Sur les chemins de non retour
de Jean-Pierre Otte

critiqué par Voiz'art, le 6 juin 2022
( - 53 ans)


La note:  étoiles
Sur les chemins qui mènent à soi-même
Certains livres sont d’une telle fertilité que lorsqu’on y plonge la tête la première, ils remplissent le vide, délivrent, détruisent insensiblement toute impression d’isolement. On se croyait séparé de tout, en rade, laissé pour compte, et on se retrouve réuni, accordé à tout, au diapason même de l’univers.
Jean-Pierre Otte publie aujourd’hui « Sur les chemins de non-retour ». Voilà un recueil de poèmes magnifique et dense comme un alcool fort. S'ils sont de non-retour, en revanche les chemins nous emmènent quelque part, ailleurs, dans un ailleurs logé en nous-mêmes. Il y à vivre tant de contrées inconnues, d'opportunités, de croisées et de rencontres, sans qu'on revienne jamais à son point de départ,en allant de l'avant, à l'aventure, l'esprit avisé et le vent au visage, avec au ciel «les longs vols en V des grues cendrées qui émigrent vers le Sud comme dans les livres d'images» :

« Celui qui disparaît en lui-même se retrouve
en un pays d'asphodèles et d'ombres enneigées,
où sont des échos bleus qui s'en vont
par ricochets légers dans les lointains.
C'est étrange et déconcertant avant qu'on s'accoutume.»
Il convient d'être circonspect pour en admettre la beauté.»

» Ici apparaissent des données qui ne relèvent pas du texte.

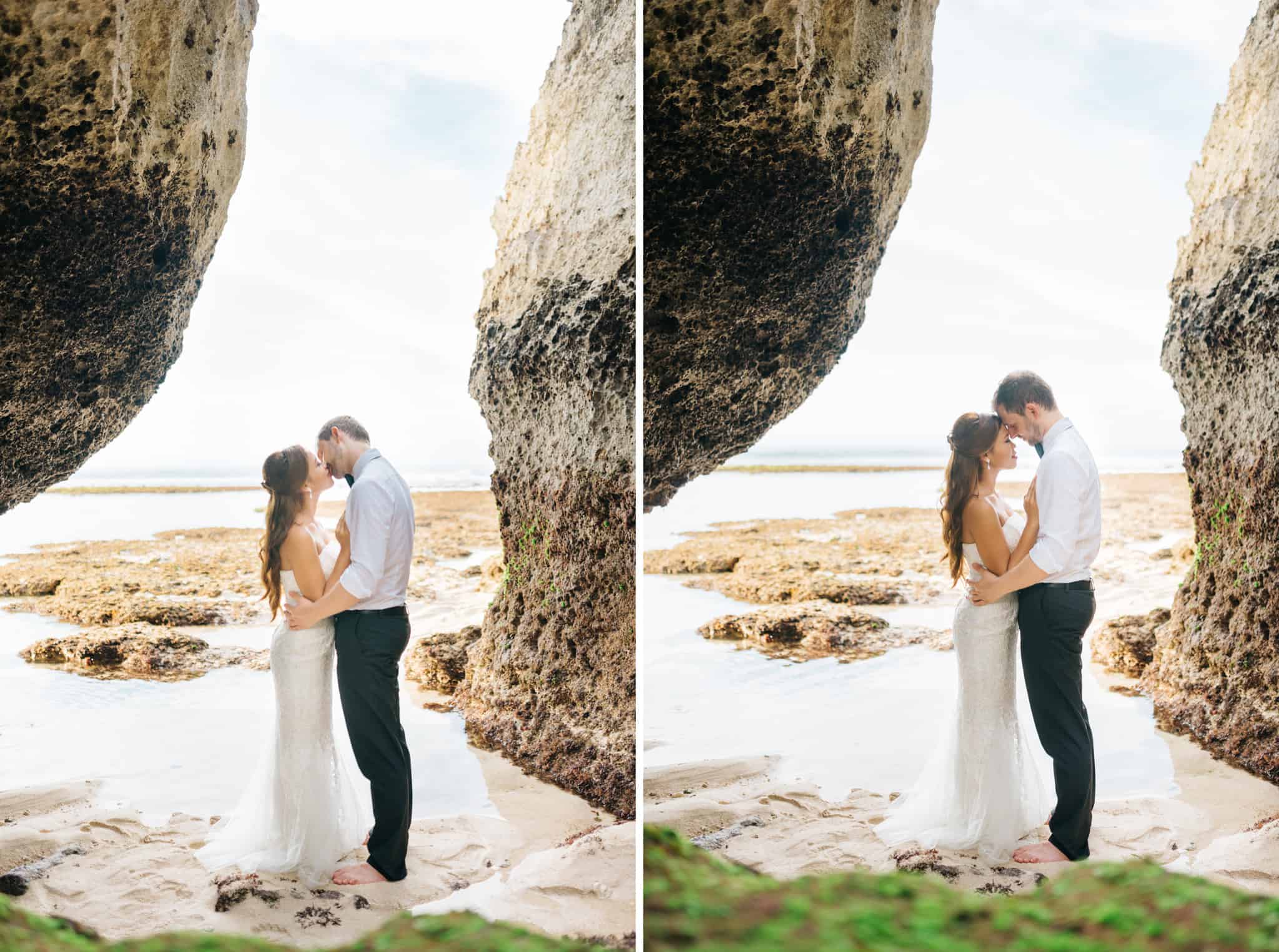 suluban beach wedding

Jean-Pierre Otte est un magicien de mots, de mots drus, doux, lisses, charnels, éclatants de signes et de saveurs, quand le sensible est dans la sensation mais aussi dans ce qui est chargé de sens. Sa poésie est aussi comme celle d'un maraudeur ou d'un braconnier du secret inscrit au cœur même de l'existence, dans une certaine disposition d'esprit, une volonté de se rendre disponible à tout ce qui se présente, ouvert, offert à toutes les occasions, les opportunités, des mouvements d'ouverture. Le poète serait-il de surcroît un pêcheur de perle se laissant

« couler à pic en lui-même
pour trouver l'étroit passage vers ce ciel nocturne
en réplique au-dedans de nous-mêmes, où il y a
sans cesse des scintillements de vers luisants
qui font sans bruit cortège à la nuit des temps ».

Pour Jean-Pierre Otte , et nous, lecteurs, lectrices, avec lui, le temps est venu d'en finir avec l'état de disgrâce, de ne plus se sentir en disparité, en porte-à-faux ou malvenu. C'est un accord à recouvrer, la clé des champs à retrouver, le diapason perdu.